Een zanger zingt met zijn stembanden, lichaam en gehoor. Hierdoor kan hij vrij
experimenteren met geluiden maken en zijn stem gebruiken om variatie te brengen in
toonhoogte, sterkte en timbre. Een instrument kan dit ook maar is gebonden aan andere
fysieke factoren dan de menselijke anatomie. Elk verschil in grote lengte of dikte van de
stembanden resulteert in een ander stemgeluid. Denk aan bijvoorbeeld lagere mannen
stemmen en hogere vrouwenstemmen. Bij bijvoorbeeld snaarinstrumenten is dit ook, Hoe
langer en dikker de snaar, hoe lager het geluid. Hoe korter en dunner de snaar, hoe hoger het
geluid. Dit heeft te maken met trillingen per seconde (uitgedrukt in Hertz of Hz). Dunne
snaren trillen sneller en enorm veel keren per seconde en klinken dus ook hoger in toon ten
opzichte van een dikkere en langere snaar welke minder snel trilt per seconde en dus lager
klinkt in toon. De trillingen per seconde wijzigt ook naargelang de spanning op een snaar. Als
je eenzelfde snaar in spanning zou verhogen dan verhoogt de toon en vice versa. Dit is het
zelfde principe als de stembanden bij een mens.  

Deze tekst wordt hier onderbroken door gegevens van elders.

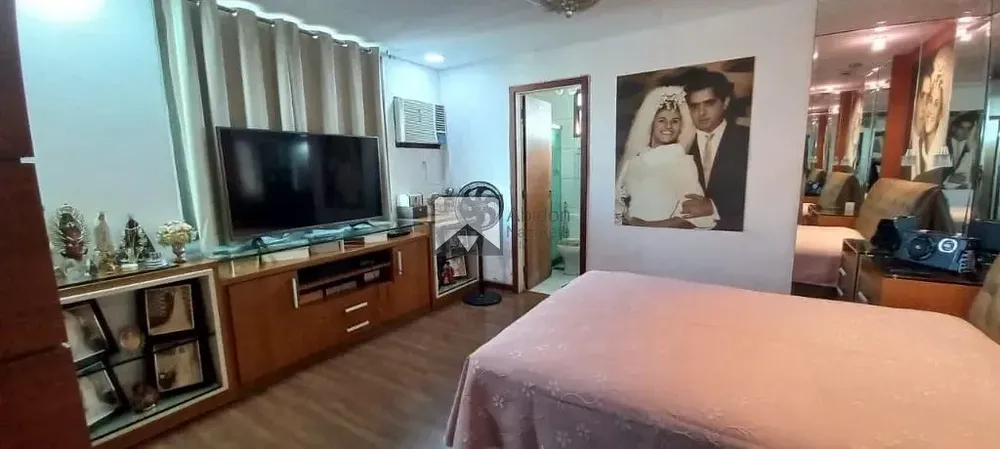 Cobertura, 3 quartos, 240 m² - Foto 2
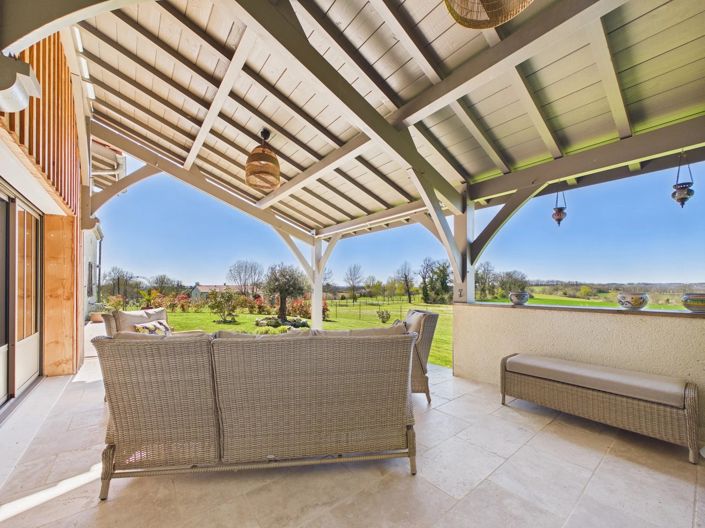 Image No.9-4 Bed Village House for sale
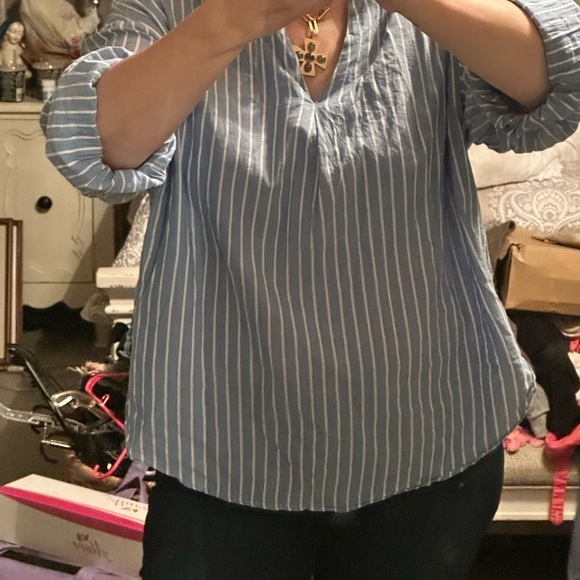 🎉Women’s long sleeve H&M shirt - Size Small - blue w/white vertical stripes - Picture 5 of 12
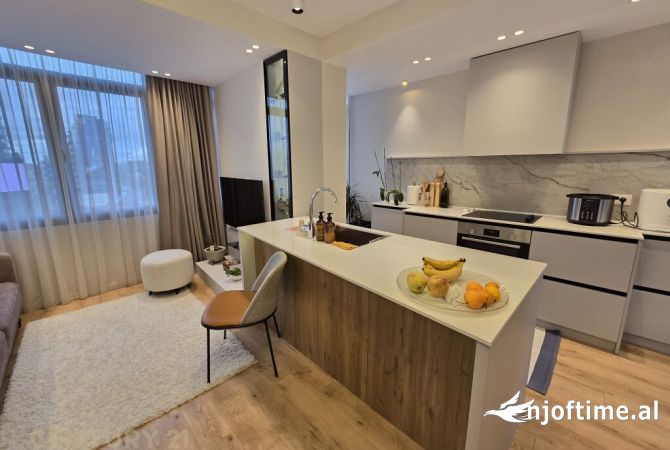 Shtepi me qera 1+1 ne Tirane - 800 Euro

Muziek is nog mooier als er meerdere instrumenten samen met elkaar spelen. Het is de
samenklank van verschillende noten, geluiden en melodieën die diepe emoties los kunnen
brengen in ieder van ons muziekliefhebbers. Maar het is zeer belangrijk dat de verschillende
klanken ook mooi en juist met elkaar klinken. Daarom is het enerzijds belangrijk een
instrument te leren beheersen, maar een instrument moet alvorens de muzikant een noot
speelt ook in een juiste basis toon gezet worden, of met andere woorden gestemd zijn. Als alle
instrumenten binnen een orkest gestemd zijn dan gaan de noten die gespeeld worden met
elkaar mengen en dus als “juist” of “mooi” worden ervaren.

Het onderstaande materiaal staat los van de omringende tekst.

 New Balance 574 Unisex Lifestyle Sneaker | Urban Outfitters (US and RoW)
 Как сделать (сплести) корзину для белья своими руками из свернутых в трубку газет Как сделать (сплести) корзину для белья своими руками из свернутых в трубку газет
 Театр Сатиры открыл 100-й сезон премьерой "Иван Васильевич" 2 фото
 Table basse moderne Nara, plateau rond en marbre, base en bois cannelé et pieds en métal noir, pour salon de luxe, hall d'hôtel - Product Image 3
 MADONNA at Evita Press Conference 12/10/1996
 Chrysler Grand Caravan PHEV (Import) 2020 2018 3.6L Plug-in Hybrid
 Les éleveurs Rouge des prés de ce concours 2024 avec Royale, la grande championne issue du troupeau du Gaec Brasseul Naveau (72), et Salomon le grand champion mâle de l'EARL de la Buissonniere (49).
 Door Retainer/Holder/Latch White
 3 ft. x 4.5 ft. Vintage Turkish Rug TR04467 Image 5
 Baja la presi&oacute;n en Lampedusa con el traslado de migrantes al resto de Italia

Het is dus van groot belang dat elk instrument regelmatig gestemd wordt. Factoren zoals
tijd, het bespelen ervan, temperatuur en vochtigheid brengen variatie in de spaarspanning
waardoor die juistheid van de laatste stemming ook verdwijnt na een tijd. Bij elk instrument is
er dus een bepaalde periode van stabiliteit en deze kan ook per instrument verschillen. Zo
ontstemd een goed gestemde gitaar relatief sneller dan een goed gestemde piano.